On 29 January 2013 19:29, Bogdan Iosif <bogdan.io...@gmail.com> wrote:

> bogdan: Thanks for this info. I was under the impression the SystemID is
> used by OTRS only when deciding which emails to process from an assigned
> inbox via PostMaster
>

It is, but that would mean it wouldn't be able to process incoming emails
from the other OTRS system, the system ID gets embedded in the full ticket
"number", the system ID is primarily used to allow separate OTRS systems to
send emails back and forth (assuming the system IDs are different) without
screwing up other tickets already in your database.

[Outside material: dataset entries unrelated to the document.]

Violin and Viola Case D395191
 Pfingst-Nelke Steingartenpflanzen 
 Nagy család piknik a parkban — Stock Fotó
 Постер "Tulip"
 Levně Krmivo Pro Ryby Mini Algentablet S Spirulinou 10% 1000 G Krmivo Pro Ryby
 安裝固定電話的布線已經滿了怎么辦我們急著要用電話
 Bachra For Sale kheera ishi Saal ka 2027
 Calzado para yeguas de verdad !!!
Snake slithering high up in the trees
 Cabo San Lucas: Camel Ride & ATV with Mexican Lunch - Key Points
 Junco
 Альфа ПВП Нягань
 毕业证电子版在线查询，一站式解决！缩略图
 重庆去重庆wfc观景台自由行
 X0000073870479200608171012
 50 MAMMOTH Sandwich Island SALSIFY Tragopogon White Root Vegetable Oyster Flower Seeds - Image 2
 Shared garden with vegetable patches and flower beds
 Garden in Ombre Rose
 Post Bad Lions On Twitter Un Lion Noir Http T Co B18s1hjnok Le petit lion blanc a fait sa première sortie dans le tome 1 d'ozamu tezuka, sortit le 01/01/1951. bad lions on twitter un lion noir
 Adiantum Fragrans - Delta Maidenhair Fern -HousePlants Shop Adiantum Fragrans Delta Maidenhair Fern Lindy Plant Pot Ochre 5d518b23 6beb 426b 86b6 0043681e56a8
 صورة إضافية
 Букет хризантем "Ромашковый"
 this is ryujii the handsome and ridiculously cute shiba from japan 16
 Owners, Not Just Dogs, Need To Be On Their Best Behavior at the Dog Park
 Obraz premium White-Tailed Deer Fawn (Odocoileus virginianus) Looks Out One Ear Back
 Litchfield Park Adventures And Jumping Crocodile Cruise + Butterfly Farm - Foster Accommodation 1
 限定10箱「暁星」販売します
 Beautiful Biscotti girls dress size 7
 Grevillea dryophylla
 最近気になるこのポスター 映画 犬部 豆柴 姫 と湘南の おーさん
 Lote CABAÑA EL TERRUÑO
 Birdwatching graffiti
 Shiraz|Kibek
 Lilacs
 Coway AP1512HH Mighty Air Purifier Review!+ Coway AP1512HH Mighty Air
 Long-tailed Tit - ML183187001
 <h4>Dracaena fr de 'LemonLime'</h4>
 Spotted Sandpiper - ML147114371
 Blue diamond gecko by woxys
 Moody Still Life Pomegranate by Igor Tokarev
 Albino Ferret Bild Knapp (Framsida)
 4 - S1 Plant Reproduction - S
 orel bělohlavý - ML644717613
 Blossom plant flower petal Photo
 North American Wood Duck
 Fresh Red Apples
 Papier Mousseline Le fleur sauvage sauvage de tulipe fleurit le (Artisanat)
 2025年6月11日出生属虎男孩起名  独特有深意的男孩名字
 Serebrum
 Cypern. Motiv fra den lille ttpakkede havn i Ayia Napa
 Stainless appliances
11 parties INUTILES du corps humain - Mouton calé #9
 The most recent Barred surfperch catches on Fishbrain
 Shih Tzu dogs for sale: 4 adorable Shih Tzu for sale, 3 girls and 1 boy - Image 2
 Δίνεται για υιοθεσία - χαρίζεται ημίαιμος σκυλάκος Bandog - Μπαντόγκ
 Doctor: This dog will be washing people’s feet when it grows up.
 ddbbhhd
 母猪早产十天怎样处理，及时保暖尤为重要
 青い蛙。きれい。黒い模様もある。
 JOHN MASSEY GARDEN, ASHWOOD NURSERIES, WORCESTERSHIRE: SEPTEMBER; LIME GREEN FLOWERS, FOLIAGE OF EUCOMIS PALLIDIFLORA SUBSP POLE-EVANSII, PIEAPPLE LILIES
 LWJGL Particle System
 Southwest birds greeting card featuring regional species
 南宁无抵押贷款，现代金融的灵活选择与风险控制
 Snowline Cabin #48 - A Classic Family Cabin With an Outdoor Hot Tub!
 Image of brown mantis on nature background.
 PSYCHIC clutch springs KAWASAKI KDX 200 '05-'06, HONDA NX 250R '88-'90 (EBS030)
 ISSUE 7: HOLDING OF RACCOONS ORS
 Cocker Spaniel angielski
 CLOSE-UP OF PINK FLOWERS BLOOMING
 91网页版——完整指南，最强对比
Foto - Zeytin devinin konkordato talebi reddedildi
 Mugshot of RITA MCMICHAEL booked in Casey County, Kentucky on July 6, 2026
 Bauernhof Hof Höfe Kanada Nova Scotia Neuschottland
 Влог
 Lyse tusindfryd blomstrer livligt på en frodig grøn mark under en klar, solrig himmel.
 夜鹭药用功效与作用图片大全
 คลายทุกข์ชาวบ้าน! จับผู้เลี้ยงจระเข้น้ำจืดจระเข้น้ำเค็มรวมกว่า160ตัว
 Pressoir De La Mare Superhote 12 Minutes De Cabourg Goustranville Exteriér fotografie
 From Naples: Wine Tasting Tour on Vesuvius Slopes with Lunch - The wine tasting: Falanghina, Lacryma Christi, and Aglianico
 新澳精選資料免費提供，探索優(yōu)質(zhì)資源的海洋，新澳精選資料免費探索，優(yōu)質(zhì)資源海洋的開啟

> bogdan: Let me just clarify what I mean. I assumed OTRS *requires* "sticky
> user sessions" (aka all http request/responses from a given user session
> need to pass through the same app server). This is required by web apps
> that hold user session data in memory or on disk between http
> request/responses. I assumed OTRS requires "sticky user sessions" because I
> saw a lot of generated files in /var subdirs.
>
> Can I conclude OTRS actually stores *all* user session specific data in
> the database, between response/requests? My impression was that it stores
> just a list of sessions so that an admin can see them in the admin UI.
>

That is what I have always assumed, if you look in the sessions table in
the DB in the session_value column you can see that there is all of the
user's configuration in one big string.


> bogdan: I'll explain what I meant. Many apps supporting heavy concurrent
> usage implement entity versioning. This means that when the app reads a
> document from the db (such as a ticket) it also reads its version. The user
> changes the entity in the web UI and when the user saves the change the app
> first checks the version of the entity to ensure it is still the same as
> when it was initially read. If the versions differ, the app either throws
> an error or does something more elegant to reconcile the differences.
> What's important is that in this way the app protects against silently
> losing changes. I was aiming to find if OTRS does entity versioning when I
> asked "Does last db write always win?" and I mainly asked because I saw
> many tables saving a change time for each row. The change time could be
> used for entity versioning.
>

OTRS isn't that "clever" and certainly doesn't do versioning. Many tables
are updated when the data is added to a ticket as it's not stored in one
big flat table.

>
> bogdan: I think it's self obvious it's not practical to store attachments
> in the db when you obtain a db that's 90% attachments and 10% everything
> else. I would like to store this db on fast storage and it's hard to obtain
> budget for high capacity ssds when most of the data on them is dead weight.
> Backup management would become a pain, some queries would be heavily
> impacted and all db operations (moving to qa/dev envs, etc) would be
> unreasonably slowed down by such a large db. OTRS's official docs also
> acknowledge this practical matter.
>

Yep, but like I said there is nothing stopping you from doing it, but it
does have it's drawbacks. Like David said if you are going to store this on
disk then you will need to use a cluster filesystem, and I'm not entirely
sure how this will work with multiple front end servers, hence why storing
it in the DB (even given its "issues") would be the easier option as the
frontend doesn't need to worry about being able to access the filesystem,
it's all in the one place.

It might be worth contacting OTRS support directly to see if they do have
load balanced implementations and whether they would share any of the
implementation details (can't help but to ask), but if you are going to
have such a large installation anyway then it may be worthwhile taking out
official support should you run into any issues with the implementation, at
least then you are guaranteed help on the end of a phone.